The human rights organization revealed that the unprecedented challenge of the coronavirus pandemic contributed to a trend of decline in global executions between January and December 2020. But governments in 18 countries continued executing last year.

The global trend saw the total figure fall by 5 per cent in 2019, though many Middle Eastern countries showed the opposite. After China, four Middle Eastern countries – Iran, Egypt, Iraq and Saudi Arabia – accounted for 88 per cent of all known executions in 2020, reads the report. Iran came in as the second-highest global executioner with more than 246 executions carried out between January and December 2020.

Egypt is in the third spot, which at 107 executions, tripled the number of yearly executions in 2020 compared with the year before.
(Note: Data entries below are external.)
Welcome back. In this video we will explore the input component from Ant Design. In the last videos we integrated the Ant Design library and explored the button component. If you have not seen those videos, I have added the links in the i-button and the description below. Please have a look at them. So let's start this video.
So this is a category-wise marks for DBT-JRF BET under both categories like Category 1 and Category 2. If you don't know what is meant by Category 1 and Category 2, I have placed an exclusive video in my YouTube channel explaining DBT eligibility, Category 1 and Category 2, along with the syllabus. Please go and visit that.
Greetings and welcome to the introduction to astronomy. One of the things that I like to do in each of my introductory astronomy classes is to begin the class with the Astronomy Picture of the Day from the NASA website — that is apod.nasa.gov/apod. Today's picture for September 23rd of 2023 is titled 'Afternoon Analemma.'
The 2020 toll was the highest since the number of executions peaked in 2013, following the military overthrow in July 2013 of Egypt’s first democratically elected President Mohamed Morsi. At least 109 executions were carried out in 2013, according to Amnesty. Dozens of those executions were related to political violence. Many of the trials were marred by serious human rights violations, including torture and enforced disappearances, said the report. The spike in executions in Egypt occurred between October and November when the government executed 57 people, including four women. Several human rights organisations decried the executions.
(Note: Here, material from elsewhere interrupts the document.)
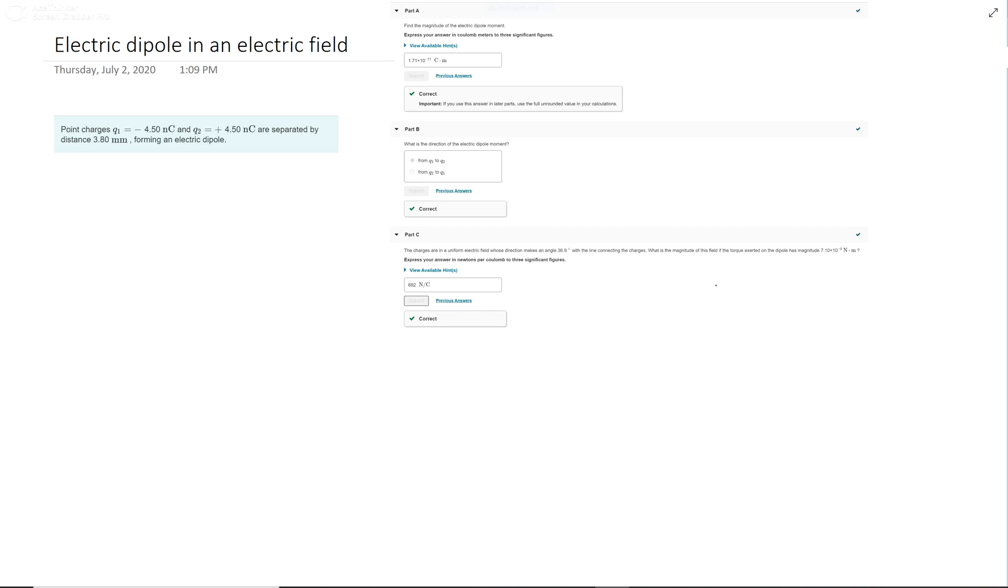We're going to do this question titled Electric Dipole in an Electric Field. It's a very short question. The math does not take very long.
In fourth place, Iraq executed more than 45 people last year. That total was still less than half the number of executions carried out by the Iraqi authorities in 2019, said the report. Several of those cases involved prisoners in terrorism-related crimes, who according to the United Nations human rights experts, faced trials that were unjust.

With at least 27 executions, Saudi Arabia was considered the fifth top global executioner in 2020, according to the report. The number of recorded executions in Saudi Arabia fell by 85 per cent from 184 in 2019. Despite this, the criticism of Saudi Arabia’s human rights record has grown since King Salman named his son Prince Mohammed bin Salman (MBS) as Crown Prince and heir to the throne in June 2017 and Saudi journalist Jamal Khashoggi was murdered inside the Saudi consulate in the Turkish city of Istanbul in October 2018.
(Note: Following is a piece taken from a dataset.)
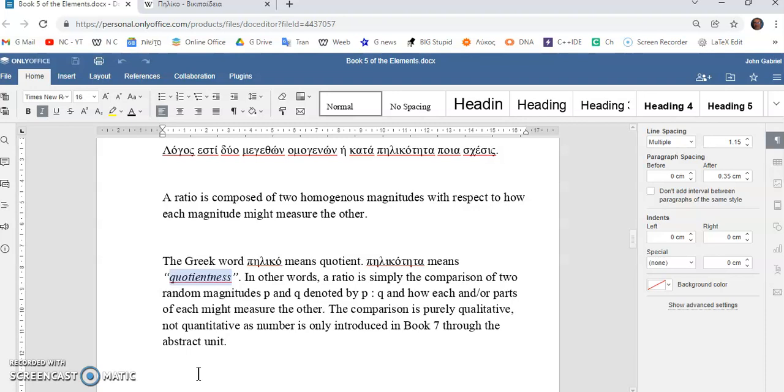In other words, does something measure them? Well, lots of things measure them. The unit or equal parts of the unit, a certain equal parts of the unit measures both of them if they have a relationship.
In a huge setback, the US became the only country in the Americas to carry out executions in 2020 after the Trump administration carried out the first federal execution in 17 years in July 2020. And yet, in 2020, the US reached its lowest figure of executions in almost 30 years.

Amnesty flagged serious concern over the continued use of the death penalty for drug-related offences which is distressing, with 15 countries last year imposing death sentences or carrying out executions. Drug-related executions were recorded in China, Iran, Singapore and Saudi Arabia, where drug-related beheadings zoomed from 16 per cent of total executions in 2016 to 40 in 2017, the report said.

The US was noted for putting people on death row who have mental or intellectual disabilities, a criticism also levelled against Japan, the Maldives, Pakistan and Singapore.

Lowest Executions in Decade

The total number of known global executions in 2020 was at least 483, said the report, which marked the lowest number of executions recorded by Amnesty in at least 10 years. The figure represented a 26 per cent decrease in the number of executions compared with 2019 and a 70 per cent fall from 1,634 global executions in 2015. This drop was primarily linked to reductions in Iraq and Saudi Arabia, according to the report.

At the same time, at 1,477 the report recorded a 36 per cent decline in newly imposed death sentences in 2020 globally, compared with the previous year. According to the report, this decline was partly due to the coronavirus pandemic disrupting and delayed criminal proceedings globally.